Project Details
Description
Project Summary
The spatial organization of the genome in the nucleus plays an important role in the transcriptional control of
genes. Currently, Hi-C is the most widely used high-throughput technique that probes the genome-wide spatial
organization of chromatin. However, Hi-C experiments involve multiple complex experimental steps,
introducing various sources of biases. Many data-analytical challenges still must be overcome to reach
reliable and reproducible biological interpretations of the data. The small sample size of each individual study
further limits the power and reliability of data analyses. When replicate samples are available, reproducibility
across replicate samples informs us about the fidelity of the identification, and potentially it can be used to
detect reproducible signals that are too modest to be detected reliably in individual samples.

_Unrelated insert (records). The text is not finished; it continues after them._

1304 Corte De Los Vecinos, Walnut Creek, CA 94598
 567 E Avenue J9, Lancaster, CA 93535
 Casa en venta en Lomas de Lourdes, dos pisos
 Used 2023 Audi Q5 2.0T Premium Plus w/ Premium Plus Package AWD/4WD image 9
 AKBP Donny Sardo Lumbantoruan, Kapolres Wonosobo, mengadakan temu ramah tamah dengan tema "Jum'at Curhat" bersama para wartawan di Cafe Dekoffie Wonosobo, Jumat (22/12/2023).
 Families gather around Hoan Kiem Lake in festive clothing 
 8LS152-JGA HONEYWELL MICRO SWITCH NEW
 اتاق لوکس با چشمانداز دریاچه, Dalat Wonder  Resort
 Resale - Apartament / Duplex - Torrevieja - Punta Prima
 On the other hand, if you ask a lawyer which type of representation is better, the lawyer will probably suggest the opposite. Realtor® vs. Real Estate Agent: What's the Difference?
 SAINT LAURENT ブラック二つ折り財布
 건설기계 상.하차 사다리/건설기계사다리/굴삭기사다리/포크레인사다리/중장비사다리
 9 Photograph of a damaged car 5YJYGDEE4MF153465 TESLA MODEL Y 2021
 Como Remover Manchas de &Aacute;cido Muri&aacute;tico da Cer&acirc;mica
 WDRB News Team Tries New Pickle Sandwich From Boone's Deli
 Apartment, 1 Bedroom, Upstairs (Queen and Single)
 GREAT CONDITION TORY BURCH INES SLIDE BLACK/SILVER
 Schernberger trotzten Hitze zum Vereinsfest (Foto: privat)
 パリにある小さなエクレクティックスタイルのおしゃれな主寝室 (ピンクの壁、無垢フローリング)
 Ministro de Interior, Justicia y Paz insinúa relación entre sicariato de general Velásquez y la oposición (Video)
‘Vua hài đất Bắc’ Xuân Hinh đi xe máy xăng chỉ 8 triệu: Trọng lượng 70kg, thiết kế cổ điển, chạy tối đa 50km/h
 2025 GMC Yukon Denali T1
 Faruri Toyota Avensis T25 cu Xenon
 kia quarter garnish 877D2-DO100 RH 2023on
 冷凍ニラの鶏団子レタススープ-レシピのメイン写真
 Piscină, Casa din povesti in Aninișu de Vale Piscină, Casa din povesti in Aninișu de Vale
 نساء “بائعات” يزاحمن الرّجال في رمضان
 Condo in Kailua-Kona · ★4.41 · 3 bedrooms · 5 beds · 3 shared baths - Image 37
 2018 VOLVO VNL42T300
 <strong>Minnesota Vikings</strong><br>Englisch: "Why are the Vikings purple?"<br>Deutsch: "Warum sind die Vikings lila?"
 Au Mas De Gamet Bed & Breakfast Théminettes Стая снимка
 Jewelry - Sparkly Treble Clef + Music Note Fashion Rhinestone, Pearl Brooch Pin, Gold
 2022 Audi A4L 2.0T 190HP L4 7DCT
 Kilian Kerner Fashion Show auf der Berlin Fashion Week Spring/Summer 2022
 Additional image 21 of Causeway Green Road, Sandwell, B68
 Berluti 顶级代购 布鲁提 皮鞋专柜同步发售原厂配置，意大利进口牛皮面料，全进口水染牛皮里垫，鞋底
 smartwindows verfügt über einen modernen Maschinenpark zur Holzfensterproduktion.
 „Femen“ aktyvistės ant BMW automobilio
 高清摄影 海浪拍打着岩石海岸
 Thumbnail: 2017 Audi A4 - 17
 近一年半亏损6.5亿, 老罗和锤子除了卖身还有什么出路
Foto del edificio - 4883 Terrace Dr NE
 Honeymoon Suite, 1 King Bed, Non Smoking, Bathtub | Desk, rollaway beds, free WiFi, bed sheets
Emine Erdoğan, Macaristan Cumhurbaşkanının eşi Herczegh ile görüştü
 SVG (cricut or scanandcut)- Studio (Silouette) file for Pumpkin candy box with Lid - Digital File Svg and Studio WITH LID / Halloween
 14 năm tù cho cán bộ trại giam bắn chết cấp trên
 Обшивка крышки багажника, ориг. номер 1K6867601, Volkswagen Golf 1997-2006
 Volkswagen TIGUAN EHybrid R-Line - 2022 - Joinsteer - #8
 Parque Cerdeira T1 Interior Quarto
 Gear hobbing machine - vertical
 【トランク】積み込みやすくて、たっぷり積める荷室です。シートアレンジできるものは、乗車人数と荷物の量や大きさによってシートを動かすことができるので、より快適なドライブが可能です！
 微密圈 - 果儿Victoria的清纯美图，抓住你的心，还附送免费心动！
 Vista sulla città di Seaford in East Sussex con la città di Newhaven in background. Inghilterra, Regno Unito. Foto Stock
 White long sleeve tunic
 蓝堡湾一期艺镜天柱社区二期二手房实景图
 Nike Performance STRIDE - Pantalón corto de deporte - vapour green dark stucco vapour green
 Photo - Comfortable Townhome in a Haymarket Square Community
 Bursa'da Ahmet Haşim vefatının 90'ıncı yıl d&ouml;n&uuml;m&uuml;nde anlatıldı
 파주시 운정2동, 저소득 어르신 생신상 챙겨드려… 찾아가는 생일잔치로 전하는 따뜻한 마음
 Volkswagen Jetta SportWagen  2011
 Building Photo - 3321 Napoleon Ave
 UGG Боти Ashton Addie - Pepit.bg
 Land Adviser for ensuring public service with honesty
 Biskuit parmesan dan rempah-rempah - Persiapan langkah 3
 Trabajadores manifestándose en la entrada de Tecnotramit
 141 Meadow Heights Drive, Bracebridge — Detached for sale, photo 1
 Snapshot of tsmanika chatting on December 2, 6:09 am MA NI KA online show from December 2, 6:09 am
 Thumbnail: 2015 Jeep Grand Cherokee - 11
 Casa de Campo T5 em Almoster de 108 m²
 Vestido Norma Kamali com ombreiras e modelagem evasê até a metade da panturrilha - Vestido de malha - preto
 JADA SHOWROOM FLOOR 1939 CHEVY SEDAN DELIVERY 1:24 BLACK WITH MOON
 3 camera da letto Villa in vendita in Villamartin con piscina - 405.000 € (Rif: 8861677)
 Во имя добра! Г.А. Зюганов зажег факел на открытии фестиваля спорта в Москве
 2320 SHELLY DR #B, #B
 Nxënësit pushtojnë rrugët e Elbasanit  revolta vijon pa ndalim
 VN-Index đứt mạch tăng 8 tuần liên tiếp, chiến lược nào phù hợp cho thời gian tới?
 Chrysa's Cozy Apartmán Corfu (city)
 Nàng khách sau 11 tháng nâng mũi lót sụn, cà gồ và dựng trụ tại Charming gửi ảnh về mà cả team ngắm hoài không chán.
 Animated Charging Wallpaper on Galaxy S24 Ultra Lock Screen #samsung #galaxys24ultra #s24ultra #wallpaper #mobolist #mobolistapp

Even for samples
from different cells, information may be borrowed through joint analyses to improve the identification of both
topologically associated domains (TADs) and regions with different structures. This project proposes to
develop a suite of new statistical methods that use the reproducibility information provided by replicate
samples to select reliable identifications and to improve the accuracy of peak calling and TAD calling.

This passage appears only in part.